This repo is a Kurtosis module. To get general information on what a Kurtosis module is and how it works, visit the modules documentation.
The overview of this particular module's operation is as follows:
- Parse user parameters
- Launch a network of Ethereum participants
- Generate execution layer (EL) client config data
- Launch EL clients
- Wait for EL clients to start mining, such that all EL clients have a nonzero block number
- Generate consensus layer (CL) client config data
- Launch CL clients
- Launch auxiliary services (Grafana, Forkmon, etc.)
- Run Ethereum Merge verification logic
- Return information to the user
The module has six main components, in accordance with the above operation:
- Execute Function
- Module I/O
- Static Files
- Participant Network
- Auxiliary Services
- Merge Verification Logic
The execute function is the module's entrypoint/main function, where parameters are received from the user, lower-level calls are made, and a response is returned. Like all Kurtosis modules, this module receives serialized parameters and an EnclaveContext object for manipulating the Kurtosis enclave, and returns a serialized response object.

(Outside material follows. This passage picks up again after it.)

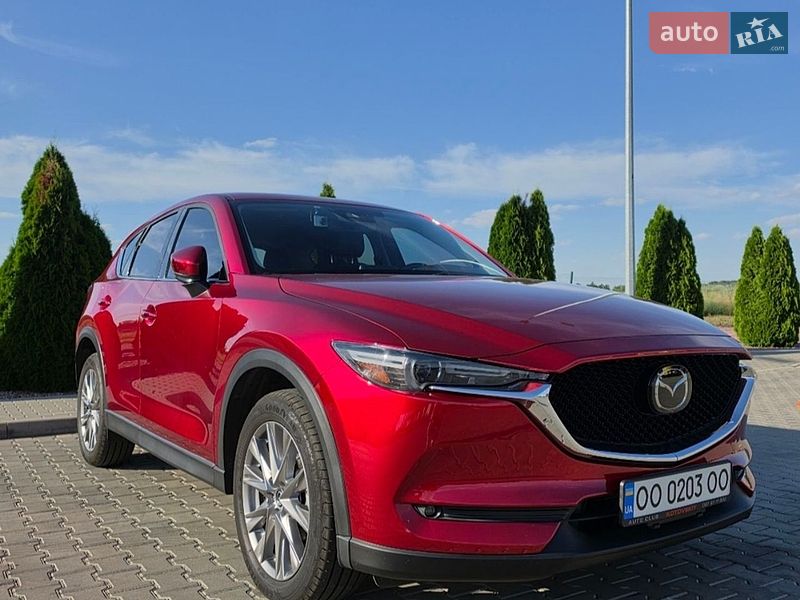 Внедорожник / Кроссовер Mazda CX-5 2020 в Одессе
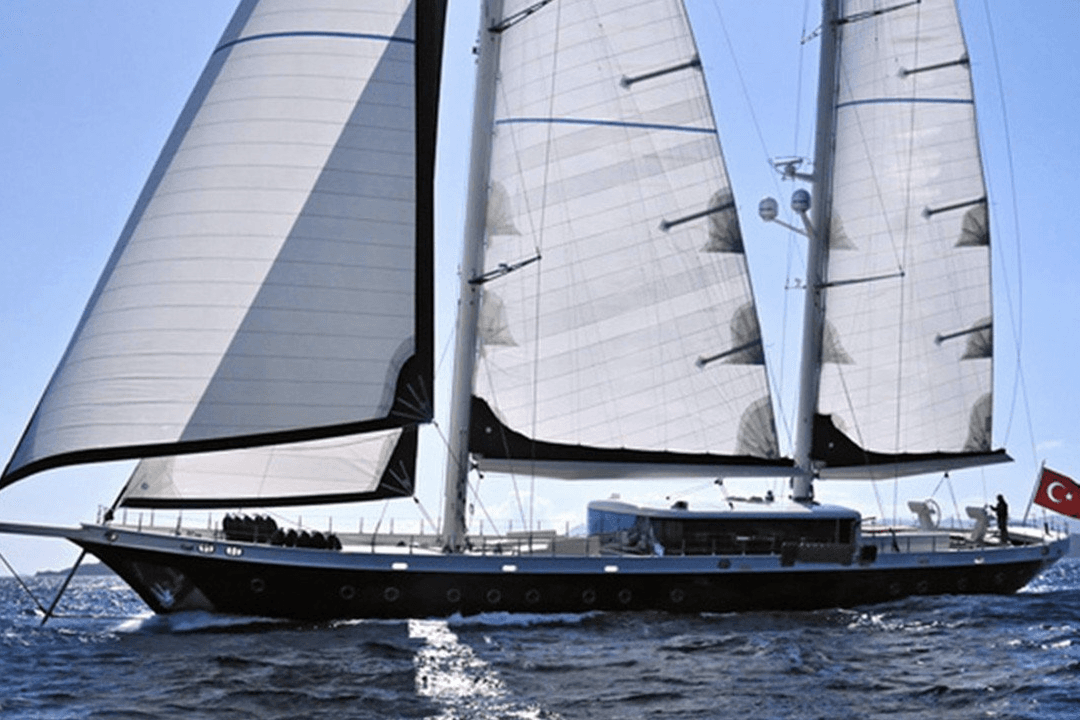 Tuyika S yacht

This particular module has many configuration options (see the "Configuration" section in the README for the full list of values). These are passed in as a YAML-serialized string, and arrive to the module's execute function via the serializedParams
variable. The process of setting defaults, overriding them with the user's desired options, and validating the resulting config object requires some space in the codebase. All this logic happens inside the module_io
directory, so you'll want to visit this directory if you want to:
- View or change parameters that the module can receive
- Change the default values of module parameters
- View or change the validation logic that the module applies to configuration parameters
- View or change the properties that the module passes back to the user after execution is complete
Kurtosis modules can have static files that are made available inside the container during the module's operation. For this module, the static files included are various key files and config templates which get used during participant network operation.
The participant network is the beating heart at the center of the module. The participant network code is responsible for:
- Generating EL client config data
- Starting the EL clients
- Waiting until the EL clients have started mining
- Generating CL client config data
- Starting the CL clients
We'll explain these phases one by one.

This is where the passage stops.